LONDON (Reuters) - Anglo American has received the final operating license it needs to boost production at its Minas-Rio iron ore mine in Brazil to its full capacity of 26.5 million tonnes a year, the mining company said on Monday.
Anglo American’s Minas-Rio mine, which has been dogged by delays and waits for permits following a pipeline leak in March 2018, will produce 23 million tonnes of iron ore in 2019.
The license was issued after the company boosted the storage capacity at the site for waste known as tailings. Waste disposal is a sensitive issue after a tailings dam collapsed at a Vale mine in Brazil, killing some 300 people.
J.P. Morgan Cazenove said news of the license removed “a key tail risk for Anglo’s equity story in 2020” and the investment bank reiterated its recommendation to remain “overweight” in Anglo American shares.
Anglo’s share price rose 0.5% on Monday, and has gained more than 20% this year.
The mining company, which is listed in London and Johannesburg, said it could now complete a third phase of development at Minas-Rio to achieve full capacity.

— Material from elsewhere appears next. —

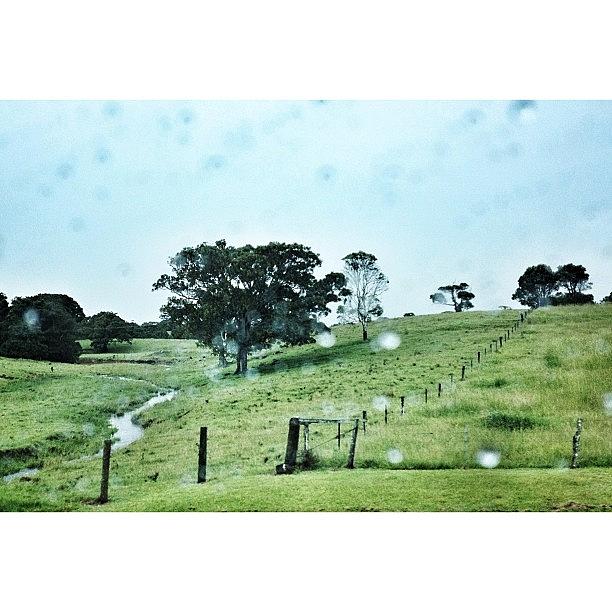 Raindrops Photograph - Rainy Days And Road Trips. #byronbay by Catherine Woodworth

It said the Minas-Rio tailings dam had “a conservative and high quality design” for safety. It also said the iron ore was high grade, which means its extraction and processing into steel produces less waste and lower greenhouse gas emissions.

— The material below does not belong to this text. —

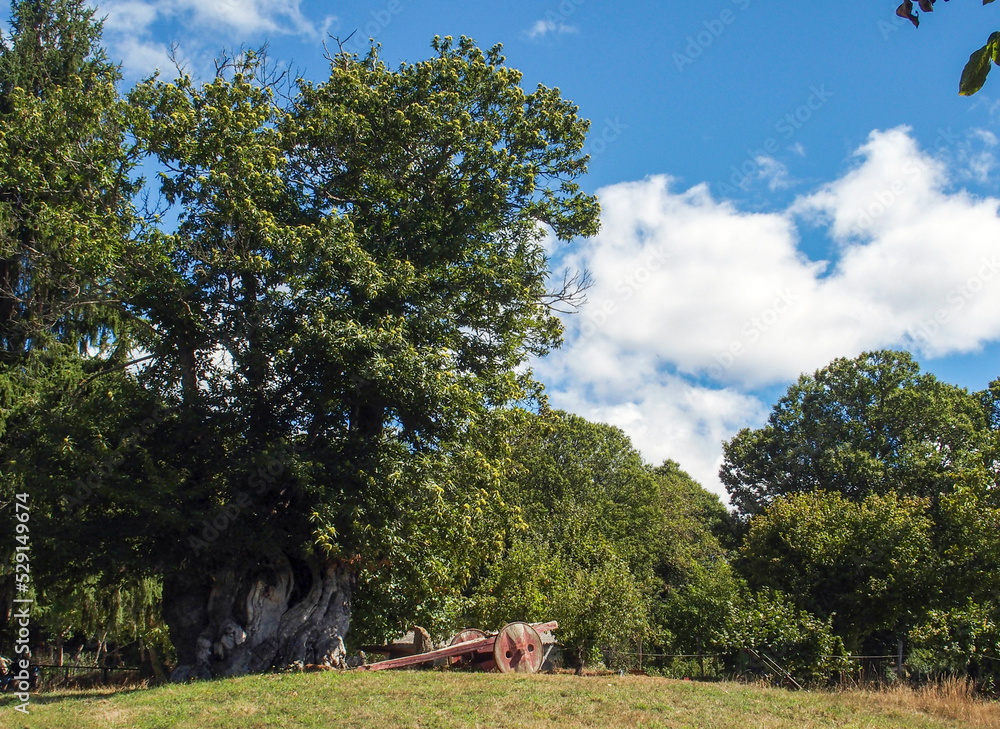 Fototapeta premium Paisaje rural con un antiguo carro de bueyes. Galicia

Mining companies are coming under increased pressure from investors concerned about the environmental and social impact of resource extraction.

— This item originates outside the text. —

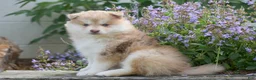 Pomsky dogs for sale: Maple - Ad 4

Separately, the Institutional Investors Group on Climate Change (IIGCC) said on Monday that Anglo American had pledged to address any misalignments between the company’s policy positions and the goals of the Paris Agreement on curbing global warming.
The IIGCC, which is backed by investors with more than $4.7 trillion in assets under management, said the pledge also applied to trade groups Anglo American supports.
IIGCC CEO Stephanie Pfeifer said the company must follow through and trade bodies it belongs to “must be called to account where they are opposing, impeding or evading the policy required to support decarbonization and reduce global emissions”.
In a statement on its website, Anglo American said it has considered plans for strengthened governance and to “ensuring action will be taken on any fundamental misalignments”.
The biggest listed mining company, Australia’s BHP, has come under fire for belonging to industry groups that campaigners say lobby for the continued use of coal. BHP said this month it was considering its membership of four industry associations but was not yet pulling out.